En Colombia muchas de las características del conflicto que vivimos proceden de lo que entendamos por “justicia” y, a mi juicio, ahí está la clave de muchas de nuestras complicaciones. Bien sabemos todos, que la atmósfera enrarecida que respiramos encuentra sus multiplicadores no sólo en el campo de la lucha armada, en el de los ideologismos de la subversión, sino también en los paros cívicos o en la cada vez más intensa apatía social.

Siempre ha sido la Justicia la preocupación básica de la humanidad, desde el momento mismo en que se congregó comunitariamente y siempre lo ha sido porque en ella radica la clave de la convivencia. En el origen real del Estado está ubicada primero la Justicia que la misma Libertad. Y en consecuencia, nos engañaríamos si pretendiéramos eludir el desafío que representa la situación de la Justicia Social en Colombia. Y más engaño sería si quisiéramos lograr el orden social, haciendo caso omiso de las necesidades básicas de muchos de nuestros conciudadanos.

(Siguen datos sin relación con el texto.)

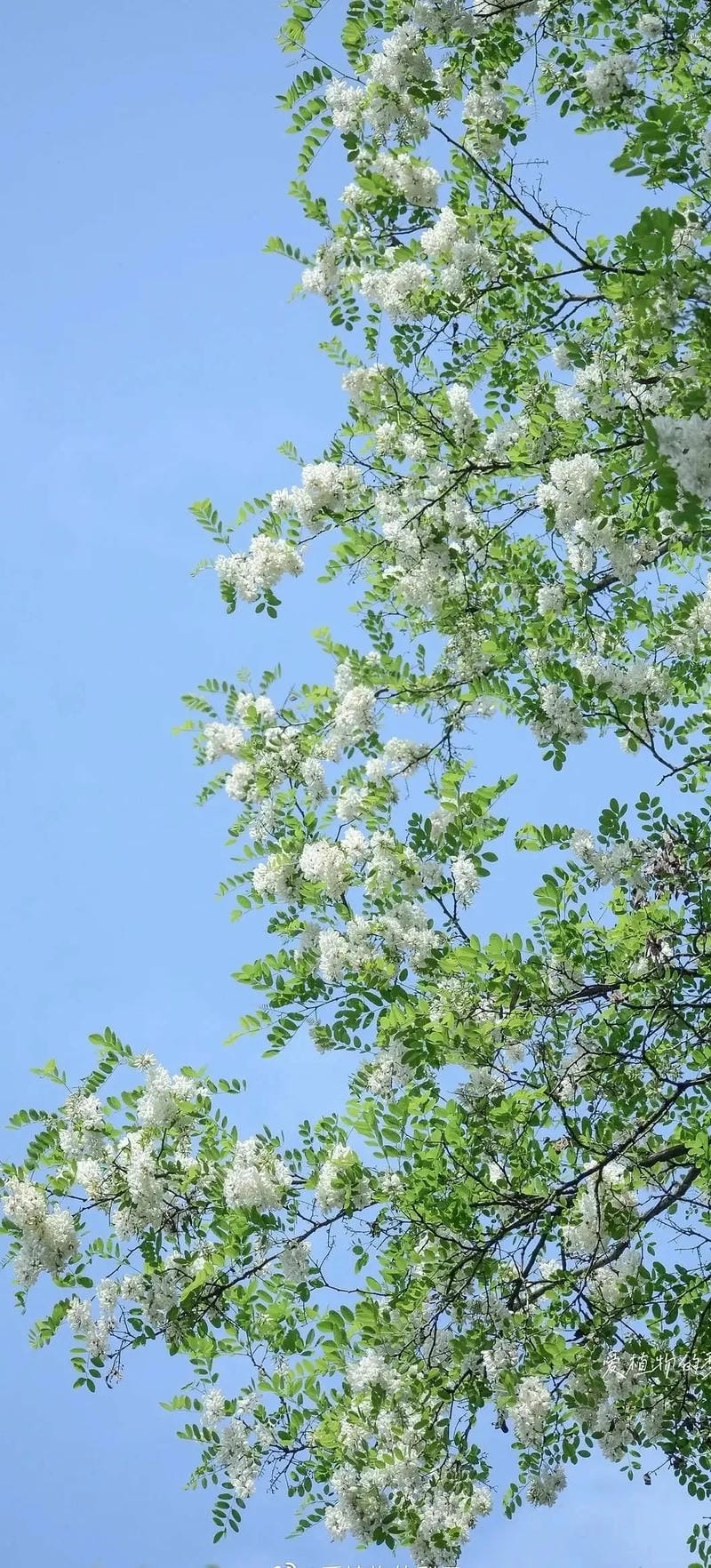 hinh-nen-menh-moc (10)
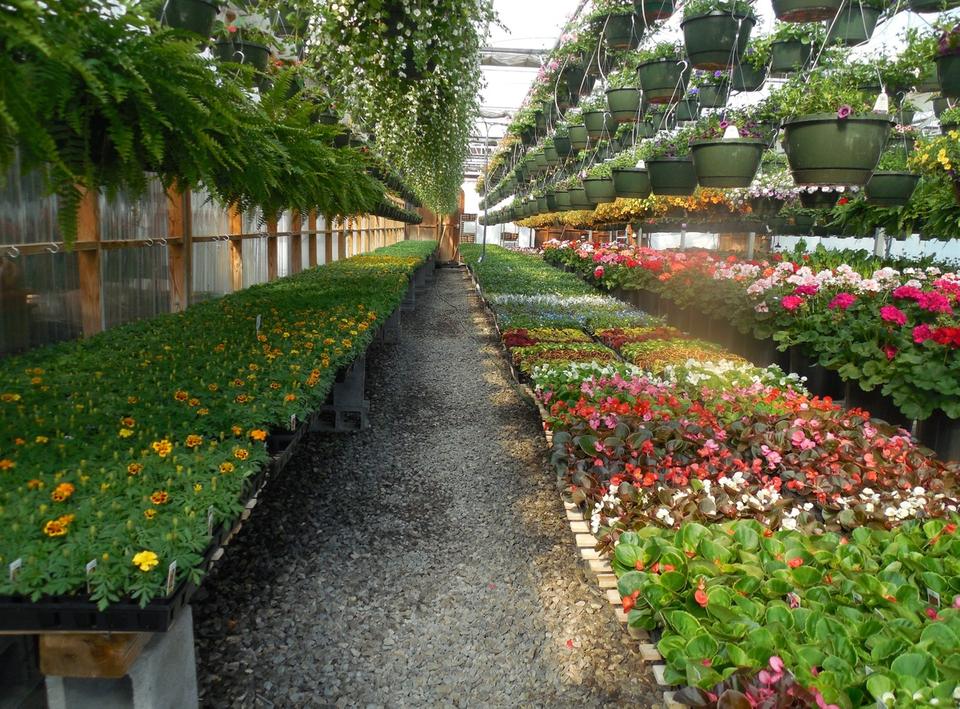 Atlantic Greenhouses Supplies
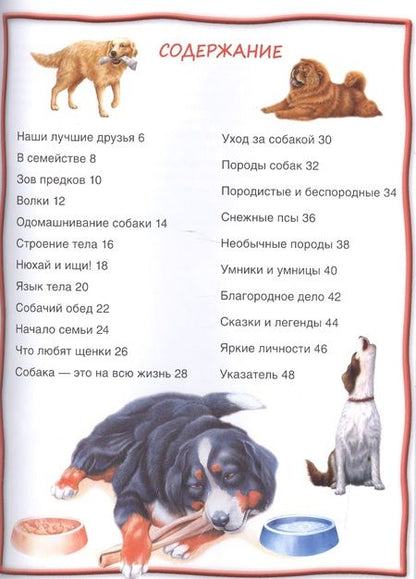 Фотография книги "Собаки и щенки"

El hecho es que una sociedad no puede considerarse saneada y en el camino acertado del desarrollo, si una parte de sus asociados está excluida de la posibilidad de supervivir o de hacerlo dignamente. El bienestar no puede ser tan sólo para un grupo ya que él ha de tener un imperativo comunitario. Pero la Justicia Social es un valor dinámico en sí mismo que existe porque hay intereses en conflicto, propios de la libertad de iniciativa y de las diferencias individuales. Lo fundamental entonces no es eliminar esas libertades, sino darles un cauce diferente redefiniendo en cada fase del desarrollo los intereses, entre los cuáles debe darse prelación a aquellos que atañen a la nación, a la comunidad y a los individuos.

Una clara visión de los intereses que interactúan en una sociedad es lo que permite pactar un desarrollo equilibrado y da pie a la redefinición de un verdadero contrato social, en el que se sientan claramente identificados todos aquellos que la conforman y por lo tanto acepten que sus conflictos se tramiten en paz, sin tener que recurrir a la violencia ni dar pie de apoyo a crecientes actos de subversión y de terrorismo.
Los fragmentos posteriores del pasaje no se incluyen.